Removing wallpaper is a tedious job - but with a few handy tips, it doesn’t have to be a nightmare. The key is all in the preparation – taking a little time to prepare properly will give you a better chance of success.
So, firstly put a dustsheet down to cover the floor (if you’re keeping the flooring, that is) and cover the existing skirting boards with tape and plastic sheets, as these may get wet. Have some old towels or rags handy to soak up any excess water that may drip down the wall too.
Begin by pulling off the top layer of wallpaper, so you only have the backing on the wall left to remove. The best way to get the top layer off is to start with a corner and get your scraper under it to lift it.
Then you should be able to gently pull down across the sheet to get off the rest.
Once you only have backing paper left on the wall, mix a capful of fabric softener with warm water in a bucket and then, using a sponge, wash it over the backing paper.
Allow the water to then soak in, which will help loosen the glue that is holding the paper up. Work in small patches of wall so the paper doesn’t dry out, and when the backing softens, use your scraper to prise the paper off the wall. Rub firmly but don’t jab the scraper into the wall as this may damage the wall’s surface in the long run.
Be sure to get every bit of old paste off the wall as well, to give you a clean surface to re-paper or paint over.
Electric steamers are an option but they can be expensive. The water and scraper method is cheap and just involves a bit of elbow grease!
You can read more by Nadine Hill at jugglemum.co.uk.
“My mantelpiece and fireplace surround is looking very tired and I would like to re-paint it. Is there a special heat-resistant paint that I need to use?”
Giving a coat of paint to a fireplace is an excellent way to give it new life. If it’s the wooden mantelpiece and surround that is going to be re-painted, there is no need to buy a special paint as they’re generally not affected by the heat of the fire. The mantelpiece and surround can just be sanded down, primed and then repainted.

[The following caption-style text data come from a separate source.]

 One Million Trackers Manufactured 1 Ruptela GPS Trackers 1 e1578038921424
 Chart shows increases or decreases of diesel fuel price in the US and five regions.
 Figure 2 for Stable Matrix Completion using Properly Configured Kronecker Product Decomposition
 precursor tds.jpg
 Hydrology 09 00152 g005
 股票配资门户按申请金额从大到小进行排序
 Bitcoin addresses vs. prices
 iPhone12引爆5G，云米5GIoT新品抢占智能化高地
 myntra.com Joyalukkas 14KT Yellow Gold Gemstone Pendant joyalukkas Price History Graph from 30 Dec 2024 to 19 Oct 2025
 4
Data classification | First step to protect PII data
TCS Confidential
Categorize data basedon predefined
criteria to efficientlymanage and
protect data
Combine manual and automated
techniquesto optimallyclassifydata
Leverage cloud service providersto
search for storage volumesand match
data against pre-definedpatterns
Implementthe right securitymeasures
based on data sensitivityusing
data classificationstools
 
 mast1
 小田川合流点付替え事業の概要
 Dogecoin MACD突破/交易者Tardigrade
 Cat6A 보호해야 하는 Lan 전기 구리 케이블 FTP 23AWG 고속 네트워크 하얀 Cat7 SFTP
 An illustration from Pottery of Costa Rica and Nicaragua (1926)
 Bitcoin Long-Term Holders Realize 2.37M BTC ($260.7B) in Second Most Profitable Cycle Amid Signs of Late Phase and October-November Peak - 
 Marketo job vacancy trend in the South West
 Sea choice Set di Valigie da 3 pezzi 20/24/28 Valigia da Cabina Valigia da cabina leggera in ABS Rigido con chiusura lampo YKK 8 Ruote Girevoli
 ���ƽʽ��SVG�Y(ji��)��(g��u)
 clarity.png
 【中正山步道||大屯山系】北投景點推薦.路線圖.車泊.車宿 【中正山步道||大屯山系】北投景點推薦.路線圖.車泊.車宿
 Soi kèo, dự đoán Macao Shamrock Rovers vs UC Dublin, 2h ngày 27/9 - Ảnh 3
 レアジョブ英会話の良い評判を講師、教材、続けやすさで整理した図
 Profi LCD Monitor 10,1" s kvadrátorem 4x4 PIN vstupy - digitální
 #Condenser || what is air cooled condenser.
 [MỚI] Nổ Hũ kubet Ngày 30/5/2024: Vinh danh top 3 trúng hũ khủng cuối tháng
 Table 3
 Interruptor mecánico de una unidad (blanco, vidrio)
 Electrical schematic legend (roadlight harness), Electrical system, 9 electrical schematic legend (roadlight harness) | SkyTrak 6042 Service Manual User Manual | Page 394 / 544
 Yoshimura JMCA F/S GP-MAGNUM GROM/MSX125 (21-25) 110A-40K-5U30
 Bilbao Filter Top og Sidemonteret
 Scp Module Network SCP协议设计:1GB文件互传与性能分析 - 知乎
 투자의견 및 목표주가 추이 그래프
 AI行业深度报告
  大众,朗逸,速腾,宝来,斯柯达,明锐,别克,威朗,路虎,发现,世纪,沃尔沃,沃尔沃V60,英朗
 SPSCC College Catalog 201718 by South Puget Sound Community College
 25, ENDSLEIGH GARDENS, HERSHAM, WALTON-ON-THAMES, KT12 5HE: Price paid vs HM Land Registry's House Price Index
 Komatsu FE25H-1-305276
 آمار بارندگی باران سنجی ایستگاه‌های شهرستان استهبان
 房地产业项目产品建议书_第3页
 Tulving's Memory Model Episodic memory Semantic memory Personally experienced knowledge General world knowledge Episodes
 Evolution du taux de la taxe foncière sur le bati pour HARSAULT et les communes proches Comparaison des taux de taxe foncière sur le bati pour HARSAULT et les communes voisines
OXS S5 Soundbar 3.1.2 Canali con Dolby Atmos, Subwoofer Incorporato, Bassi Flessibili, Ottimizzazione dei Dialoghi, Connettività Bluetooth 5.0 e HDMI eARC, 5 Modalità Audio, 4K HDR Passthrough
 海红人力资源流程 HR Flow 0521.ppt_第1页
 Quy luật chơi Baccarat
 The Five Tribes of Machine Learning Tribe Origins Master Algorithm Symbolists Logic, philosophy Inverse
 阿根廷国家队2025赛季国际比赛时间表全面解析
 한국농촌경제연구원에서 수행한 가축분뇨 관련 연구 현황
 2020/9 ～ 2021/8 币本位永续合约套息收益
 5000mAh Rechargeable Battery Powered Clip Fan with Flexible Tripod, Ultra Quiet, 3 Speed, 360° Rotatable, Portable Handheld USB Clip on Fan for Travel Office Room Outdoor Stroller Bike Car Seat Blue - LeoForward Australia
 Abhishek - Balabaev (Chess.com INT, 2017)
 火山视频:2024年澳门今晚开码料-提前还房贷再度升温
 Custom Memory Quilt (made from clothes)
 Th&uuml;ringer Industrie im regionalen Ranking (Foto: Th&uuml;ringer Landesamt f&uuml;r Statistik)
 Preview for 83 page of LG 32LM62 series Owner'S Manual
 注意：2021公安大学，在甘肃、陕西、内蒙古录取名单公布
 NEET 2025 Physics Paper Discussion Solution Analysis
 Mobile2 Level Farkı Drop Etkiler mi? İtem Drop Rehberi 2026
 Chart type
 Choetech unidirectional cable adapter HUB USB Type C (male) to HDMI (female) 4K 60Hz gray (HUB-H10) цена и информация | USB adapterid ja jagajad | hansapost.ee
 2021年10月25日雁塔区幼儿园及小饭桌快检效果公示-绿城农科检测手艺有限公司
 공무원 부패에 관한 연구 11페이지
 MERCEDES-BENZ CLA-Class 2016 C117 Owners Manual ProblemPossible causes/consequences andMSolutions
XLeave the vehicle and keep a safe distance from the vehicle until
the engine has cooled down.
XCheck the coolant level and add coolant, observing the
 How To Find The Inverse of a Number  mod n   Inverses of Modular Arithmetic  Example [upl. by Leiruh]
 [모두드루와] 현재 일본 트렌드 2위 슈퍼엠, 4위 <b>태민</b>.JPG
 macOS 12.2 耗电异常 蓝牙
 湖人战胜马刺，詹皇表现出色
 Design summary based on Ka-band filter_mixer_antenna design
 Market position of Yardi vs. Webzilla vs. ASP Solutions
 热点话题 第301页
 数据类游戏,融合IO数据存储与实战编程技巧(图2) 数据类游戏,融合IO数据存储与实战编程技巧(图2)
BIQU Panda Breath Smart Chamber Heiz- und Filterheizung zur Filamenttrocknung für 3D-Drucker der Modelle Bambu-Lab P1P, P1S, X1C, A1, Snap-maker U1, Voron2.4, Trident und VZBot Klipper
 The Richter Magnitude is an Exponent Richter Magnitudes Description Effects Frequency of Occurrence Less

If you have a brick fireplace that could do with a little revamp, firstly clean down the bricks with a wire brush and hoover. After that, paint the bricks with a water-based primer and then paint to finish.
However, if you are intending to paint anywhere that the flames will touch or that will get hot (like the grate, for example), a high heat-resistant paint will be needed. You can easily find high heat-resistant paints online and in hardware stores.